When Rodney Stuckey has played well, though I’ve been impressed, I’ve also tried to keep the praise within reason and maintain my belief that Stuckey is beyond the point of enticing everyone with exciting flashes of brilliant play. After four years in the league, we know about Stuckey’s talent and upside. What we don’t know is whether he’s capable of consistently performing over the course of an entire season. That remains his challenge.

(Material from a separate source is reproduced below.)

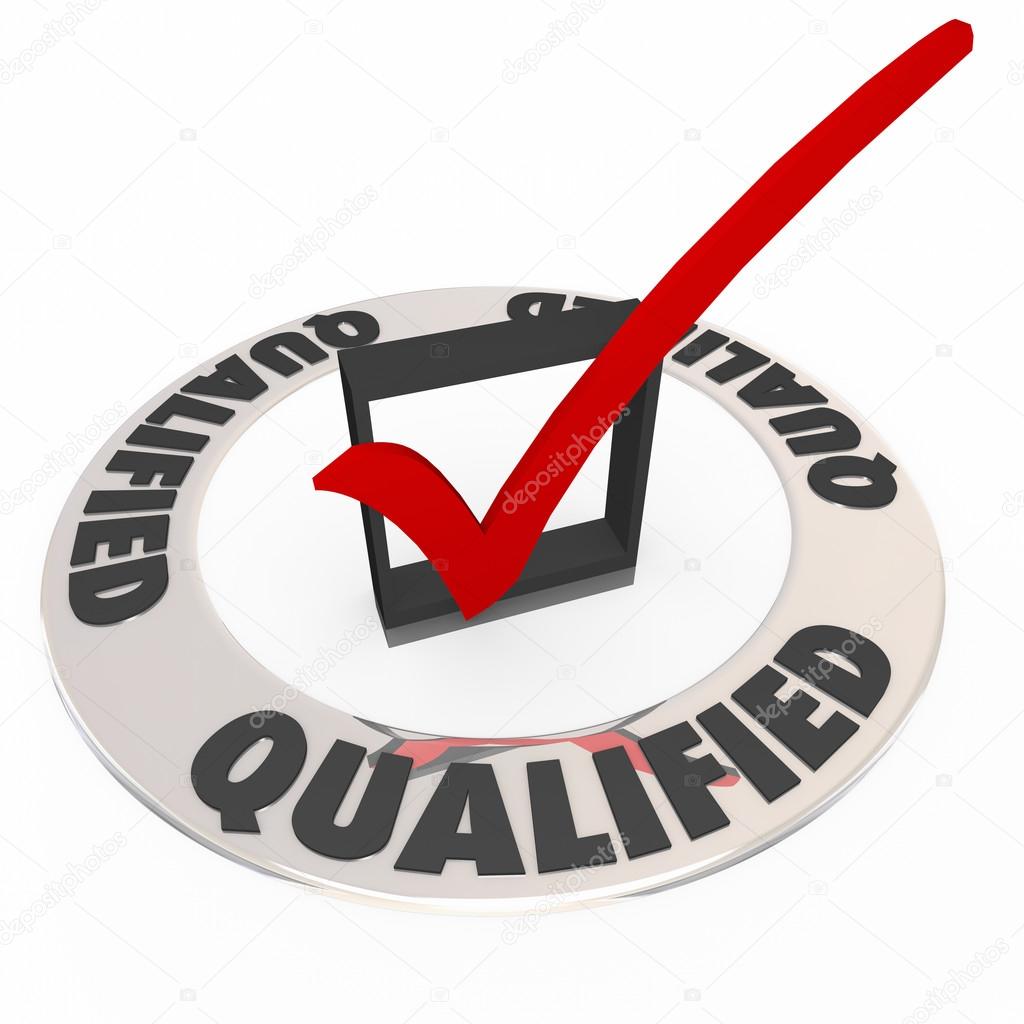 Qualified Check Mark Box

So, after Stuckey played really poorly in tonight’s loss to Toronto, I’m similarly going to try and avoid getting overly critical. It has to be said, though, that Stuckey was a non-factor in the game. He wasn’t aggressive, he didn’t play good defense (DeMar DeRozan ate him and any other defender the Pistons threw his way alive) and he scored 0 points and was on the bench during the fourth quarter, the only time when the Pistons played with much effort in the game. Stuckey deserved to get benched, but I also don’t think this one performance is enough to undo what he’s spent the last few weeks building.
How he responds is the key test. In the past, as commonly as Stuckey would have four, five, six game stretches of brilliant play, he’s also been capable of one, two or three game disappearing acts. Everyone, Stuckey included, is entitled to a bad game now and then. Unfortunately, the All-Star break means Stuckey will have to wait about a week to atone for this performance, but how he bounces back is important to watch.

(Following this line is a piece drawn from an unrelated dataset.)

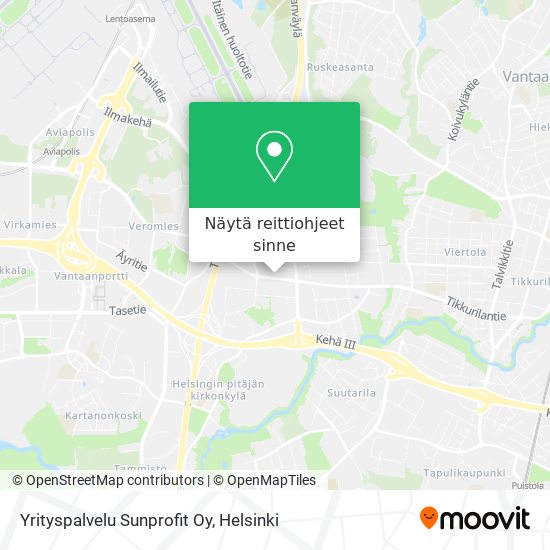 Yrityspalvelu Sunprofit Oy kartta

Stuckey doesn’t have built-in excuses anymore. He has a coach in Lawrence Frank who respects him and has given him freedom — Stuckey himself said that having a coach who “believes” in him has been a big difference. He has a nice contract, so there’s not the pressure of playing for a big pay raise now. He’s no longer being counted on as the team’s primary facilitator. He’s also no longer a young player fighting for an identity on a veteran team. He’s a veteran now, a player looked at as a cornerstone and a player who, according to his words over the last three years, has wanted that responsibility. Part of it is being consistent on a game to game basis. How he comes back from this performance next week will be a much bigger indicator of his progression as a player than the strong performances he had the last few weeks.
Lazy frontcourt defense
Greg Monroe was great offensively, but his defensive performance was so bad, that his offensive performance is only going to get this lone sentence in the recap, mentioning that he had 30 points, 14 rebounds and 2 blocks. That’s all great. But being part of a frontcourt defense, along with Jason Maxiell and Jonas Jerebko, that allowed Aaron Gray, Ed Davis and Amir Johnson to shoot a combined 14-for-23 and grab 22 rebounds is inexcusable.
Monroe was slow when matched up against the active Davis and Johnson and he got pushed around when matched up with the brutish Gray. Maxiell didn’t do a great job of leaving the paint — Johnson hit a few open jumpers from 12ish feet or so (don’t laugh … Amir’s jumper looks so much better than his Pistons days). Jerebko played defense by reaching too often and was too aggressive, resulting in another 18 minute foul-out for him, the second time this season he’s fouled out in 18 minutes or less.
Seriously, any time your horrid defense causes a Toronto crowd to chant ‘MVP’ at Gray as he’s shooting free throws (even if they were doing it jokingly) is a pretty sad indictment of your defensive effort.
Knight continues to take care of the ball
Brandon Knight wasn’t much of a factor with his passing, but in February, he has really worked on taking better care of the ball. He had zero turnovers against the Raptors (and three assists). It was the fourth time in13 February games he’s had a turnover free game (although, to be fair, one of those games was a five-minute performance when he broke his nose). He had just two turnover-less games in his first 23 games in December and January.
Knight’s shooting has been solid most of the season. Now, he’s gradually worked on taking better care of the ball. He’s even had some nice defensive moments, even if he still occasionally gets torched by opposing guards. He’s figuring things out. Hopefully, but the end of the season, he starts to put everything together and shoulders a bit more responsibility initiating the offense. He’s definitely moving closer to being able to do that.